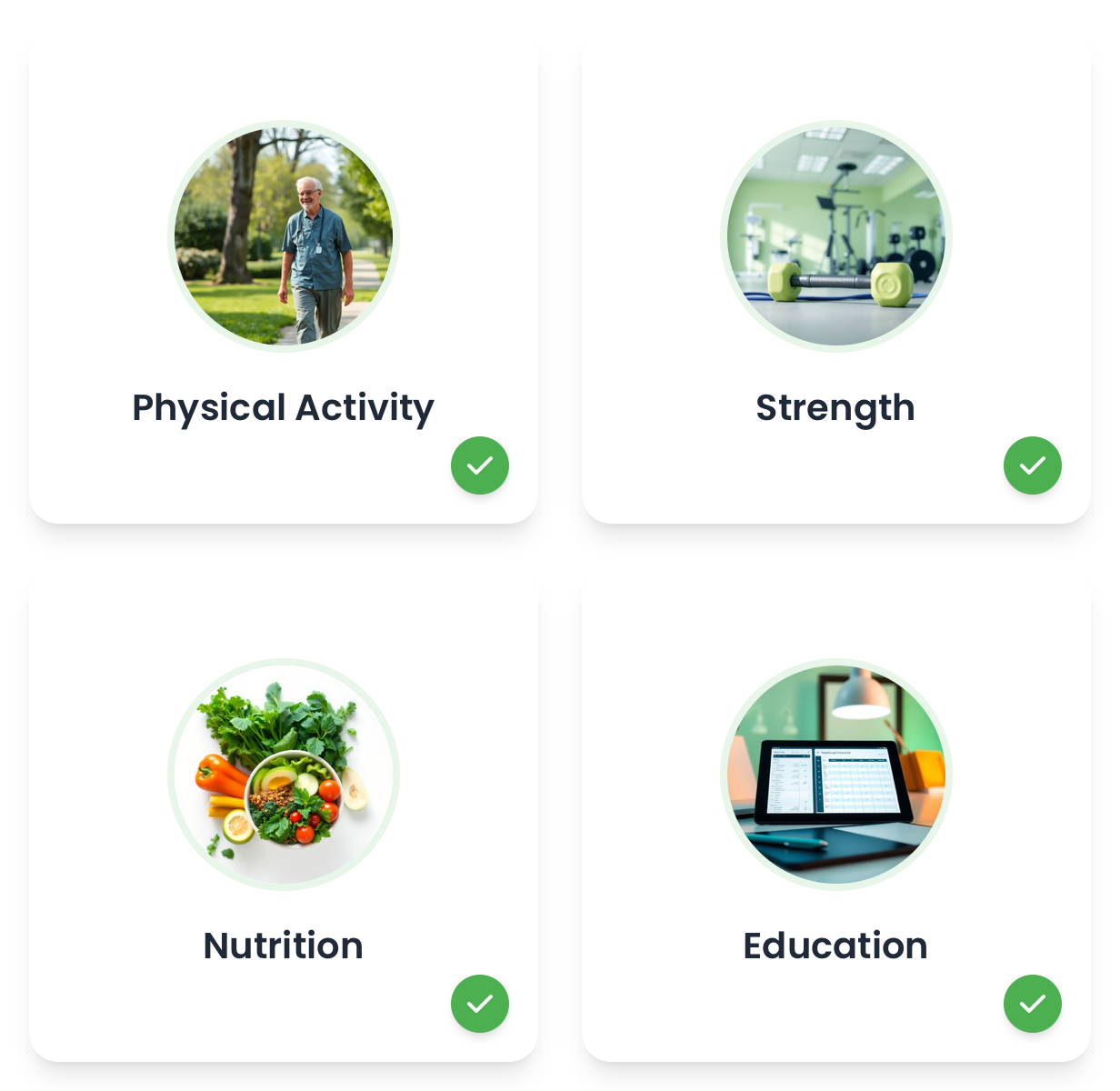 Cards showing Activity, Strength, Nutrition, Education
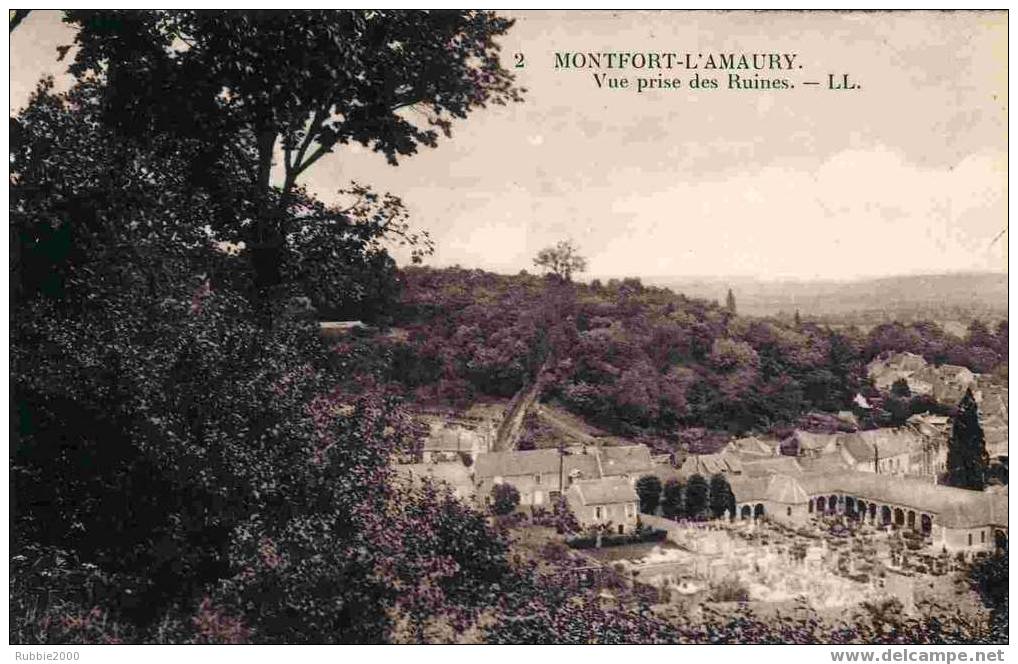 MONTFORT L AMAURY VUE PRISE DES RUINES CIMETIERE CARTE EN TRES BON ETAT - Montfort L'Amaury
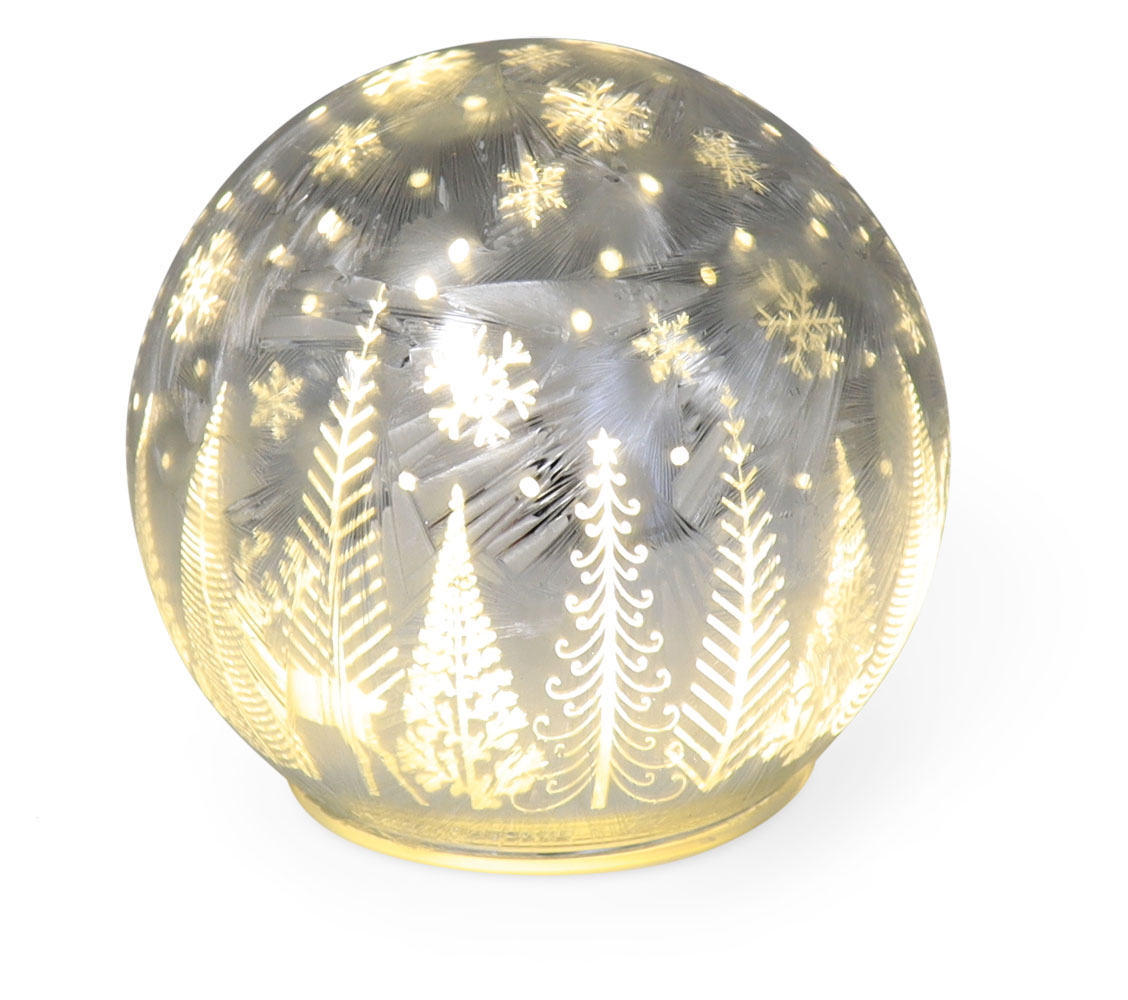Glass LED light ball silver winter landscape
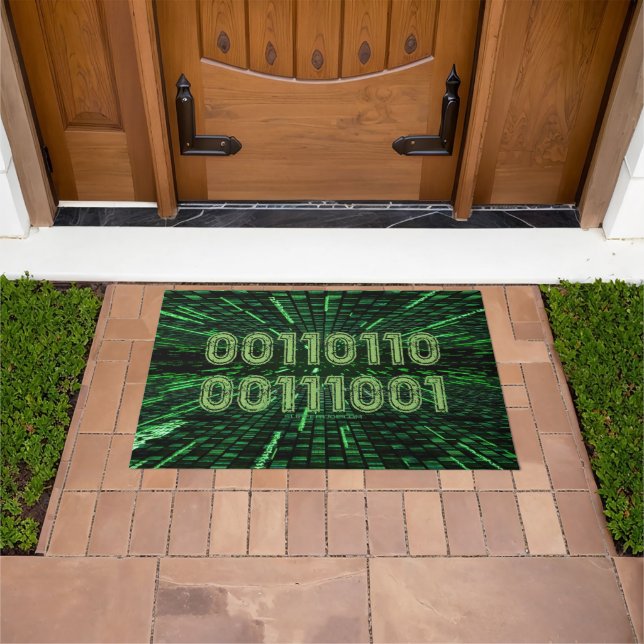 SlipperyJoe's 69 binary code vibrant green compute Doormat (Outdoor)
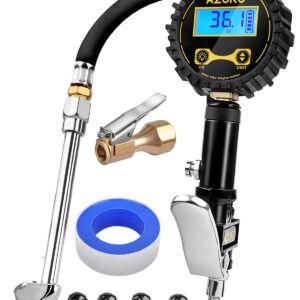 AZUNO Digital Tire Inflator with Pressure Gauge, 200 PSI, Heavy Duty Air Compressor Accessories, w/Rubber Hose Lock on Air Chuck and Quick Connect Coupler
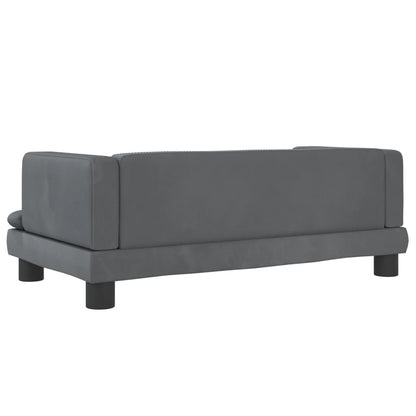 Cama Para Perros De Terciopelo Gris Oscuro 80x45x30 Cm / Vetonek_3
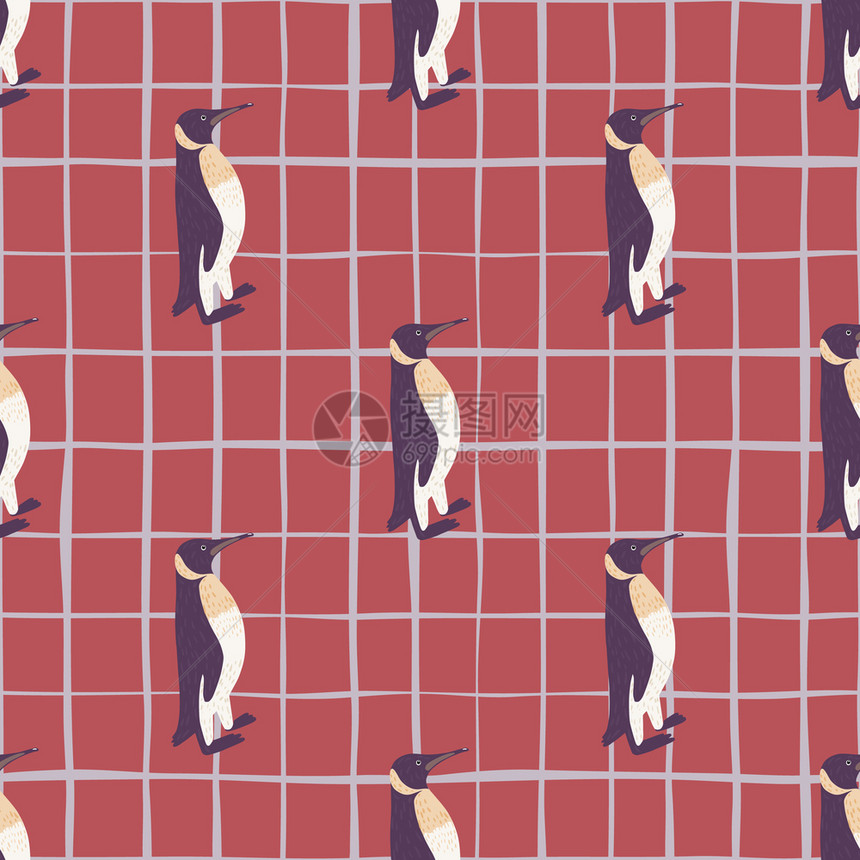 无缝模式企鹅网格背景图片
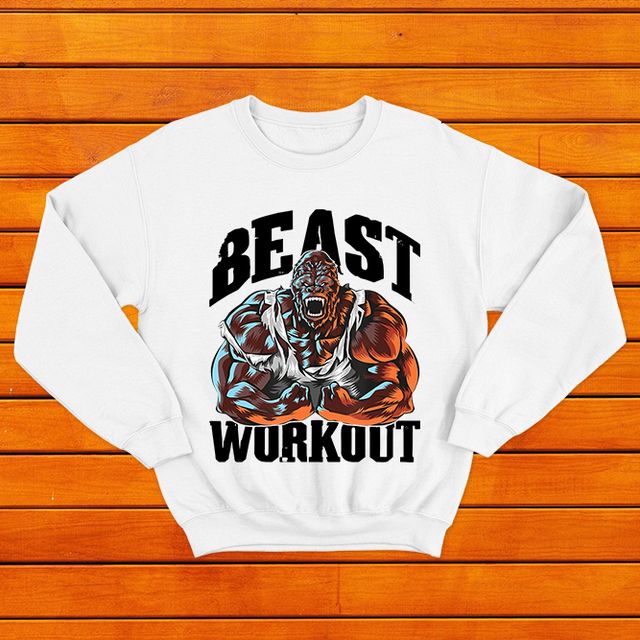 Beast Workout White Sweatshirt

Problem to work on:
The expected output is the exact run of lines from the one containing "Glass LED light ball silver winter landscape" through the final line of the data above, both ends included, with no pictures.

Exercise response:
Glass LED light ball silver winter landscape
 SlipperyJoe's 69 binary code vibrant green compute Doormat (Outdoor)
 AZUNO Digital Tire Inflator with Pressure Gauge, 200 PSI, Heavy Duty Air Compressor Accessories, w/Rubber Hose Lock on Air Chuck and Quick Connect Coupler
 Cama Para Perros De Terciopelo Gris Oscuro 80x45x30 Cm / Vetonek_3
 无缝模式企鹅网格背景图片
 Beast Workout White Sweatshirt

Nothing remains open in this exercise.